At the first regular January Term, 1939, Mecklenburg Superior Court, the defendant herein, Toy Day, was tried upon indictment charging him with the murder of one E. H. McQuay, which resulted in a conviction of murder in the first degree (with recommendation of mercy) and sentence of death as the law commands. From the judgment thus entered, the defendant gave notice of appeal to the Supreme Court and was allowed 30 days from 14 January, 1939, to make up and serve his statement of case on appeal, and the solicitor was given 15 days thereafter to prepare and file exceptions or countercase. The clerk certifies that “according to the records of my office no case on appeal was agreed upon and therefore was not perfected within the time allowed by the court nor within the 14 days before the call of the Fourteenth Judicial District.” Accompanying the clerk’s certificate is a letter addressed to him by counsel for defendant in which they say: “Since the trial of the case we have secured recommendations from eleven of the jurors, from the trial judge and from the solicitor of this district that the Governor of the State commute the sentence of death imposed upon the said defendant to life imprisonment. In view of these recommendations, which have been forwarded to Hon. Edwin Gill, Commissioner of Paroles, we have not prosecuted the appeal of the case to the Supreme Court, as we felt that the ends of justice would be properly met if commutation of this defendant’s sentence was effected.”

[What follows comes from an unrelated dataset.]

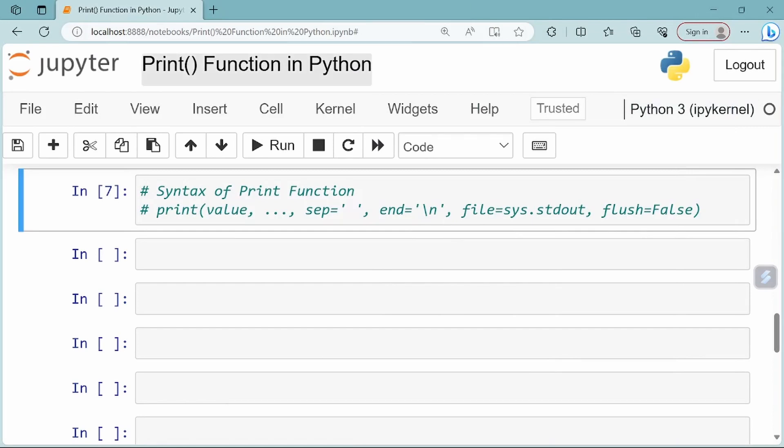Hello everyone, in this video we will look at the print function in Python. Let's see the continuation of the print function in Python.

The time for serving statement of case has expired. S. v. Watson, 208 N. C., 70, 179 S. E., 455. No bond was required as the defendant was allowed to appeal in forma pauperis. S. v. Stafford, 203 N. C., 601, 166 S. E., 734.
The jury’s voluntary recommendation of mercy was properly treated as surplusage. S. v. Stewart, 189 N. C., 340, 127 S. E., 260, and cases there cited. See S. v. Matthews, 191 N. C., 378, 131 S. E., 743.
As the record is free from apparent error, the motion of the Attorney-General to docket and dismiss the appeal under Rule 17 will be allowed. S. v. Stovall, 214 N. C., 695.
Judgment affirmed; appeal dismissed.